For instance, in “Morte di un commesso viaggiatore” (“Death of a travelling clerk”), Vassalli tells the story of a salesperson found dead in his car, which is going to be destroyed. Though he has been missing for a fairly long time, his wife doesn't care about his disappearance, believing he had run away with one of his lovers. Or, in another story, we’re told about a boy who wants to be “like a videogame character”, and therefore ends up killing a child while racing in the street in a driving competition.
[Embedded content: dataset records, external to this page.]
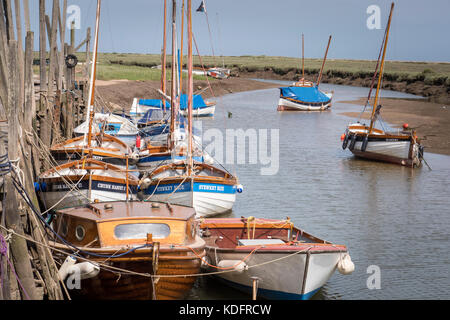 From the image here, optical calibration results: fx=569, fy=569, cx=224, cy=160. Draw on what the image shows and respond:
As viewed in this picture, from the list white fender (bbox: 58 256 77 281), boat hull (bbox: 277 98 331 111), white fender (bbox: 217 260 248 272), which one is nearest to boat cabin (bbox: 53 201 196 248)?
white fender (bbox: 58 256 77 281)

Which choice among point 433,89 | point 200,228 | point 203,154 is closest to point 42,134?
point 203,154

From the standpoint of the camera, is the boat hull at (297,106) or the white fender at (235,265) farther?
the boat hull at (297,106)

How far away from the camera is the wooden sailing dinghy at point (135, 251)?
36.8 feet

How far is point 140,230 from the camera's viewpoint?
1185cm

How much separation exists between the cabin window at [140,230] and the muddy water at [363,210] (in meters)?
2.60

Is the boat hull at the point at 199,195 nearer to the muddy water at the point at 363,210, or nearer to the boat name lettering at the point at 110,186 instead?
the boat name lettering at the point at 110,186

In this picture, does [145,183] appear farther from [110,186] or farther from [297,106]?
[297,106]

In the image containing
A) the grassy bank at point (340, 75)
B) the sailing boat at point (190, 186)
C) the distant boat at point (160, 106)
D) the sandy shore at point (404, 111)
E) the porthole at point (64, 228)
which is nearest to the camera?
the porthole at point (64, 228)

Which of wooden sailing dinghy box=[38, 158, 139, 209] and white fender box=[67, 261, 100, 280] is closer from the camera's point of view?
white fender box=[67, 261, 100, 280]

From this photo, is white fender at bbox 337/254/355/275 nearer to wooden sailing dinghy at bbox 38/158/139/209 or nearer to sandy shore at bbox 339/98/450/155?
wooden sailing dinghy at bbox 38/158/139/209

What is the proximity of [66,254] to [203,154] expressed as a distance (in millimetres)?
12078

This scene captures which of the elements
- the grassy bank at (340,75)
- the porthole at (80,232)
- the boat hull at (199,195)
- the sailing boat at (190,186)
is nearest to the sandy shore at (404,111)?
the grassy bank at (340,75)

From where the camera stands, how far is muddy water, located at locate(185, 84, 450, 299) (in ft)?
49.4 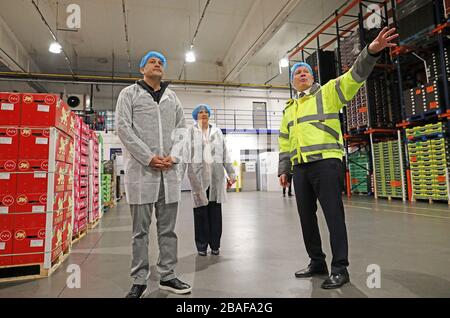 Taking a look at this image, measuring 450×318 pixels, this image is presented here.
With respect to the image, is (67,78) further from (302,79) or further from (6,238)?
(302,79)

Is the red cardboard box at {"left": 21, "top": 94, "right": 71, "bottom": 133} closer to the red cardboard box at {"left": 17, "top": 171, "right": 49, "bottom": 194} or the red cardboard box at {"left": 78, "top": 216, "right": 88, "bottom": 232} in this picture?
the red cardboard box at {"left": 17, "top": 171, "right": 49, "bottom": 194}

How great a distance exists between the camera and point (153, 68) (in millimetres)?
2355

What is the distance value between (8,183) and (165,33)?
504 inches

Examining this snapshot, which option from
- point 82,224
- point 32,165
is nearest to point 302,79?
point 32,165

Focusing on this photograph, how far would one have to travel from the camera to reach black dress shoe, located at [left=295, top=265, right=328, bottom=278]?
2400mm

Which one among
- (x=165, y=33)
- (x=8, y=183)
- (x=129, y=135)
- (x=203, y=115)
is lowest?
(x=8, y=183)

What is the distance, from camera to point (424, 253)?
291cm

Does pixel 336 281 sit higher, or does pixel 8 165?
pixel 8 165

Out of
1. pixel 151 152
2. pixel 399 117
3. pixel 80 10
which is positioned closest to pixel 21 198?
pixel 151 152

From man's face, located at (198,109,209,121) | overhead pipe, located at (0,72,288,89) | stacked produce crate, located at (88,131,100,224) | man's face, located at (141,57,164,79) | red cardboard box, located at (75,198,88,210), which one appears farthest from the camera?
overhead pipe, located at (0,72,288,89)

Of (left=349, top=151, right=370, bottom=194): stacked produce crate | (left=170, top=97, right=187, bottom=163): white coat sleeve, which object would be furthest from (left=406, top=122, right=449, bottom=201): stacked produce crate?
(left=170, top=97, right=187, bottom=163): white coat sleeve

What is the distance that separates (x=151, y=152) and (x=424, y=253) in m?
2.94

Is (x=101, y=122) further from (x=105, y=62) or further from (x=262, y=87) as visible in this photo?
(x=262, y=87)

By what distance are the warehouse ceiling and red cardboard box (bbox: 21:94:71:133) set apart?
8135mm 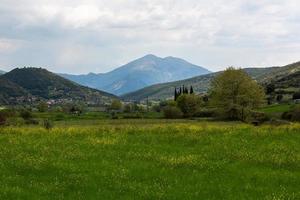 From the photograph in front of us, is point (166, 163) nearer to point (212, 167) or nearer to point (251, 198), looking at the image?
point (212, 167)

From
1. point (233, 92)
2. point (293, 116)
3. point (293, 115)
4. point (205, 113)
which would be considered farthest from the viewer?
point (205, 113)

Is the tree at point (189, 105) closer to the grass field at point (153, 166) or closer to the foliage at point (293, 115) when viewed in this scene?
the foliage at point (293, 115)

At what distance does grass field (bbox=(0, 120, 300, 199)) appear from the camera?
20.8 m

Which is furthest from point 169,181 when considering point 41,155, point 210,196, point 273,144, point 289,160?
point 273,144

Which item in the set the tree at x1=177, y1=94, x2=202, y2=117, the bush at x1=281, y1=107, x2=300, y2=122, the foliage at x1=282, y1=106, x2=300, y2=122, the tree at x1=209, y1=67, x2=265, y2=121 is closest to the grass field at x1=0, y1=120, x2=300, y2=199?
the bush at x1=281, y1=107, x2=300, y2=122

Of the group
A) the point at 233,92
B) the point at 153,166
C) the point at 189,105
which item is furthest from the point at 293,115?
the point at 153,166

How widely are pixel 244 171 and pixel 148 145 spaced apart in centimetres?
1120

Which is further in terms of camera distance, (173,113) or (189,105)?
(189,105)

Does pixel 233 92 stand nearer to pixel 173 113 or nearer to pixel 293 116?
pixel 293 116

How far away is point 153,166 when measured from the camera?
26.3m

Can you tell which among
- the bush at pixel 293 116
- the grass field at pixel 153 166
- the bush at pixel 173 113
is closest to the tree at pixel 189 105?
the bush at pixel 173 113

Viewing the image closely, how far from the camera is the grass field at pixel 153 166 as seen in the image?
817 inches

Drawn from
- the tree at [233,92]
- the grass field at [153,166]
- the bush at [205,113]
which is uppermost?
the tree at [233,92]

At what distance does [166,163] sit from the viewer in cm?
2727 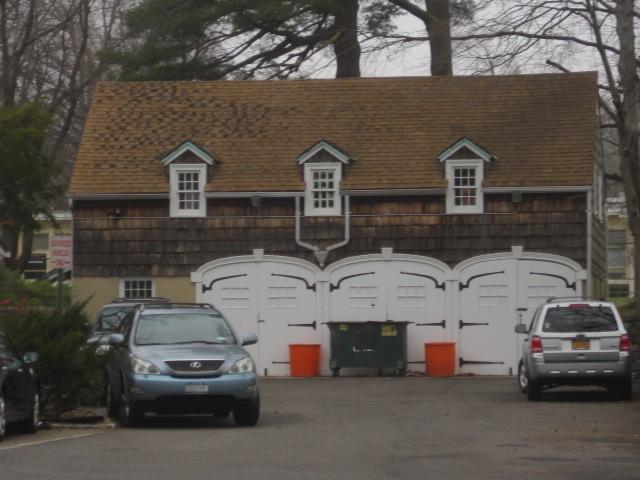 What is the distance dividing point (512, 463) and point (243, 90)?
25610 mm

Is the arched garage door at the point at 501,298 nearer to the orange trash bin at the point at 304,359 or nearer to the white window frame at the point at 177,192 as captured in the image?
the orange trash bin at the point at 304,359

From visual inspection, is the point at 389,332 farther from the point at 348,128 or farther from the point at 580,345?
the point at 580,345

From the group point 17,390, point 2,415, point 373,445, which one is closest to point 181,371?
point 17,390

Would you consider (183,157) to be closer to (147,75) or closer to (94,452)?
(147,75)

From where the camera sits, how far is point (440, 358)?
3412 cm

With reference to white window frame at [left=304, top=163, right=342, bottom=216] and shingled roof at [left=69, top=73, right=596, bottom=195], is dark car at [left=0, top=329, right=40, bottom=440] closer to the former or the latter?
white window frame at [left=304, top=163, right=342, bottom=216]

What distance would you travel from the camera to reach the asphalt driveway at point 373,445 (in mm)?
13953

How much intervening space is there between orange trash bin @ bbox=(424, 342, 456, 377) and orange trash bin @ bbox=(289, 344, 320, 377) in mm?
2706

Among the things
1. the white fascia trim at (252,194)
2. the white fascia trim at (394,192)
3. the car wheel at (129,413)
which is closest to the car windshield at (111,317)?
the car wheel at (129,413)

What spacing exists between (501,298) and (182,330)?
50.8 ft

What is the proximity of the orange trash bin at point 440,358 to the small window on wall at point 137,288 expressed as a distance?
727 cm

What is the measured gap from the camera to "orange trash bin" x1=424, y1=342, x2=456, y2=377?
3409 cm

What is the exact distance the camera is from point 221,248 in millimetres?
35844

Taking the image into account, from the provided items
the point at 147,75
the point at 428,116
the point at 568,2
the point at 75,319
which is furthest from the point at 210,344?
the point at 147,75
The second part, La Morte di Marx e altri racconti (Death of Marx and other tales), hence the name of the collection, explores the idea of equality in our society, that leads to Marx's metaphorical death; in these five stories, Vassalli describes the way people can be seen as equals a hundred and fifty years after the diffusion of Karl Marx’s ideals: we can all wear the same clothes, we can all watch the same programs on tv, we can all gather in the same places to have fun in controversial ways.
The first story exemplifies Marx’s death through the murder of his “twin”, an intellectual nicknamed Marx because of the resemblance with the philosopher, who's been killed by one of his violent male lovers.
The best example of Vassalli's satire can be found in a dialogue in which a “good citizen” who votes in the election and a “bad one” who abstains from expressing a political preference discuss the merit of a modern democracy, in which we are seen as numbers to win the leading position, rather than citizens with rights to guarantee.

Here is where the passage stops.